President's message:Hello all and my apologies for the last month being so quiet. Thank you all for the well wishes last month for my son who is doing great now! I was able to still attend and present at the annual NYSAA conference in Syracuse and we all had a wonderful time! This Friday night 5/18 Barry Kass will be presenting:
"Ancient Civilizations in Mesoamerica: the Olmecs and the Mayans"

For our June meeting I will be presenting my rescheduled program "From Boarders to Borscht and Back" and mark your calendars for the chapter Annual Picnic at the Town of Mount Hope Park on Sunday July 22nd from 12p-4p.  I look forward to seeing you all!

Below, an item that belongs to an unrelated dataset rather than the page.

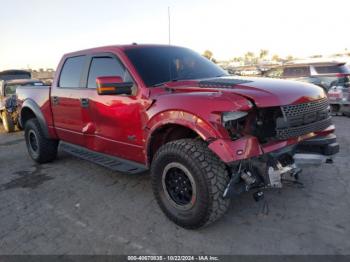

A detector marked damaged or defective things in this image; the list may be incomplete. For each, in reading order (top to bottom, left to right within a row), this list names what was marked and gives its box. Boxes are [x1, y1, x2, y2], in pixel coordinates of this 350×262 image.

damaged front end [211, 97, 340, 200] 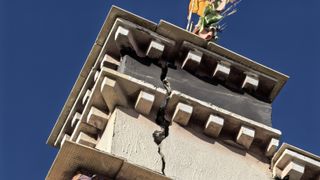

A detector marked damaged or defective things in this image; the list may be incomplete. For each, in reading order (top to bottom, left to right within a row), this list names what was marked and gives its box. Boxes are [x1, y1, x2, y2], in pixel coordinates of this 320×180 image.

crack in wall [152, 61, 172, 175] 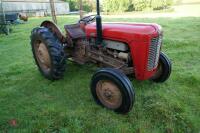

ps: The meeting MAY be upstairs if it is raining! The community event is scheduled for outside and will be moved indoors to our normal meeting space if it rains. If needed, we will post a sign on the door but the upstairs entrance is located at the top of the parking lot at the parking lot entrance.

Tuesday, February 6, 2018

February 16, 2018 Program

Dave Johnson’s program will discuss astronomical alignments associated with Ceremonial Landscapes throughout North America. On this example, the sun’s shadow points to various pictographs during different seasons. Thus, this is a calendar.

Monday, January 15, 2018

Program following January, 2018 meeting

January 19, 2018 Program: 
The Quest for the Lost Tomb of Chan Bahlum:
Investigations at Palenque, Mexico and Robinson Crusoe Island, Chile 

The ancient Maya culture of Central America has fascinated scholars and the general public alike for more than 175 years since the pioneering explorations of Catherwood and Stephens in the 1840s.  With soaring temple pyramids and exquisite sculpture and hieroglyphic inscriptions, the mysteries of the Maya stimulate the imagination in ways unparalleled by most other pre-Columbian civilizations of the western hemisphere.  Since his very first visit to Palenque in southern Mexico in 1995, archeologist Jim Turner has sought to plumb the depths of this enigmatic culture in an attempt to elucidate the sublime sophistication of their constructions and the stunning accuracy of their astronomical knowledge.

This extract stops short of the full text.